Entries shown>

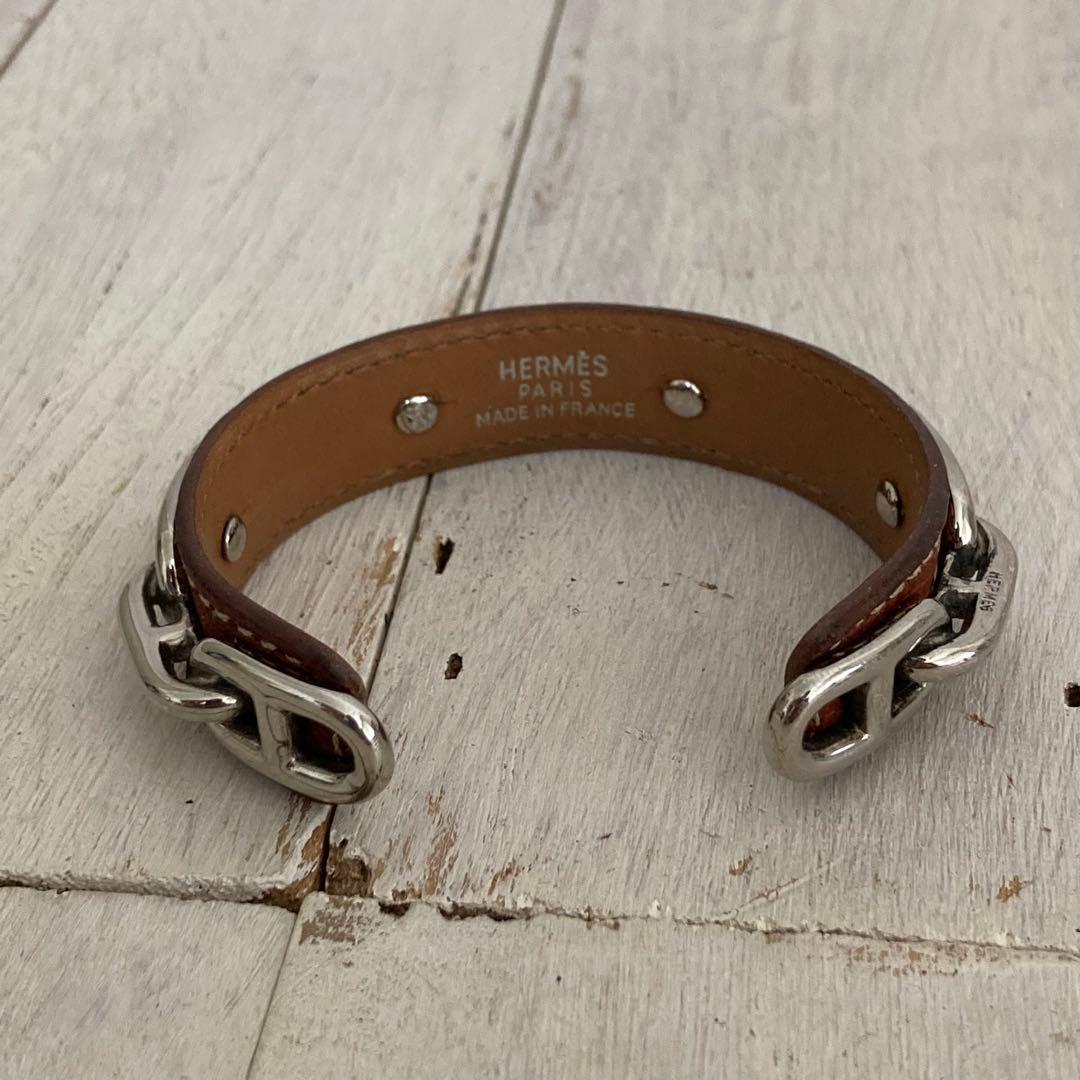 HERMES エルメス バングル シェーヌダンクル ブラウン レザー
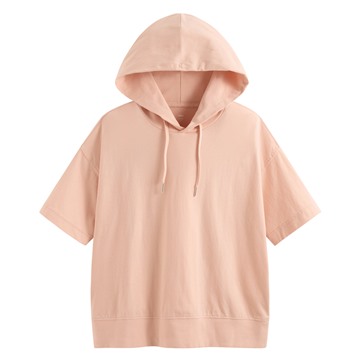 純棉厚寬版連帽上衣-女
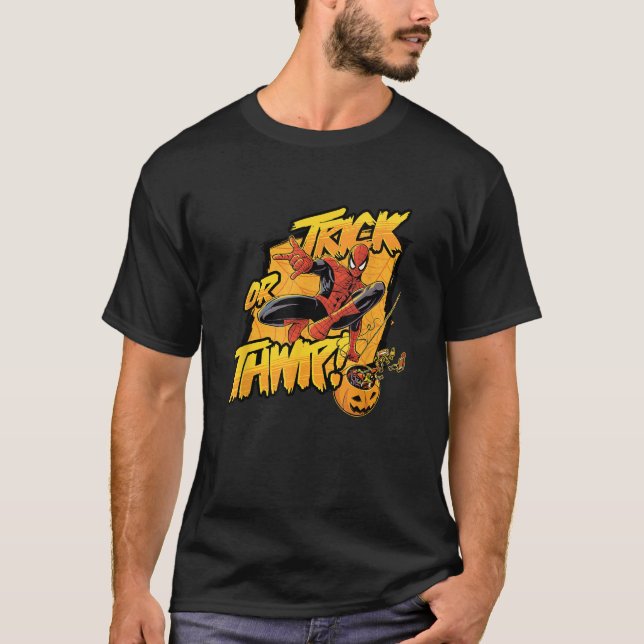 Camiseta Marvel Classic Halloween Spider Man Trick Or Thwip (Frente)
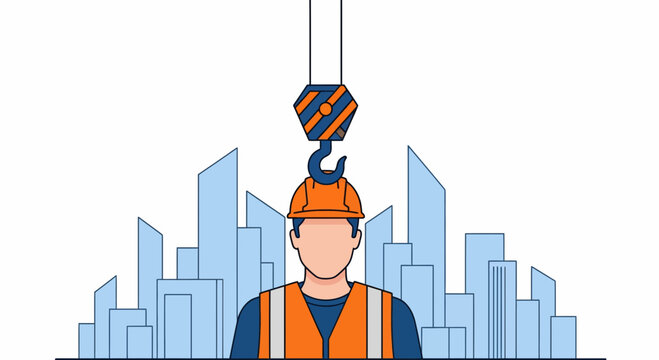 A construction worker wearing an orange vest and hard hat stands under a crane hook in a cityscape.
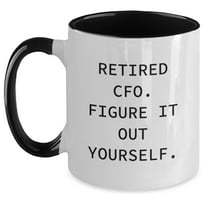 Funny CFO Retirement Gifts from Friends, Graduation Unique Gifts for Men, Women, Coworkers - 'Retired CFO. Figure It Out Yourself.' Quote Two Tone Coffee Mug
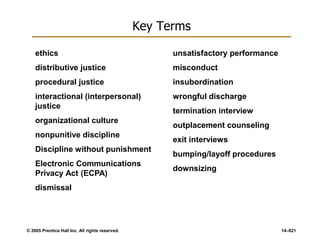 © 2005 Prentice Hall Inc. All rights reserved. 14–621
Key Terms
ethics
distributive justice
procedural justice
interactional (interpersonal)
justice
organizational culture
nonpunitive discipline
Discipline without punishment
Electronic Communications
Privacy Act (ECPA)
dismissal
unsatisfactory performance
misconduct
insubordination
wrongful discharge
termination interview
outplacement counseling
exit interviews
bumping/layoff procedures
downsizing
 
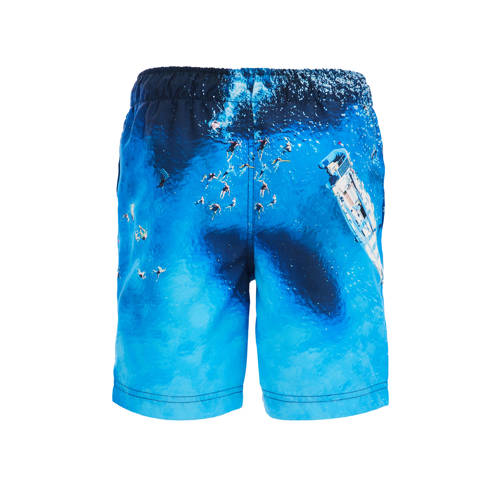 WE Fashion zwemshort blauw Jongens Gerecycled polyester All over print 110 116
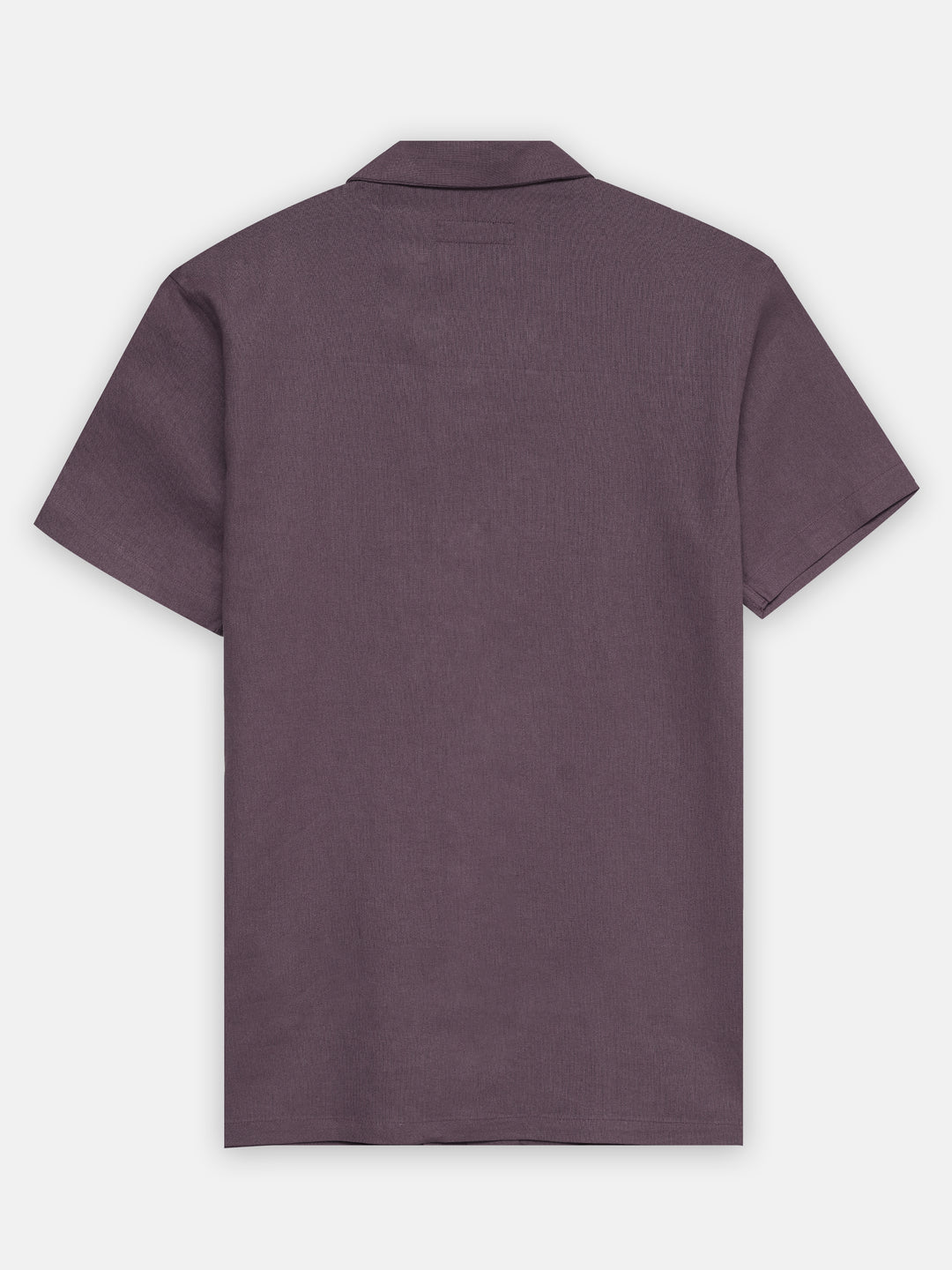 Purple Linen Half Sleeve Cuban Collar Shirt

Directions>
Only the lines containing the string "justice" are needed; pull them out of the records.

Answer for the task>
distributive justice
procedural justice
justice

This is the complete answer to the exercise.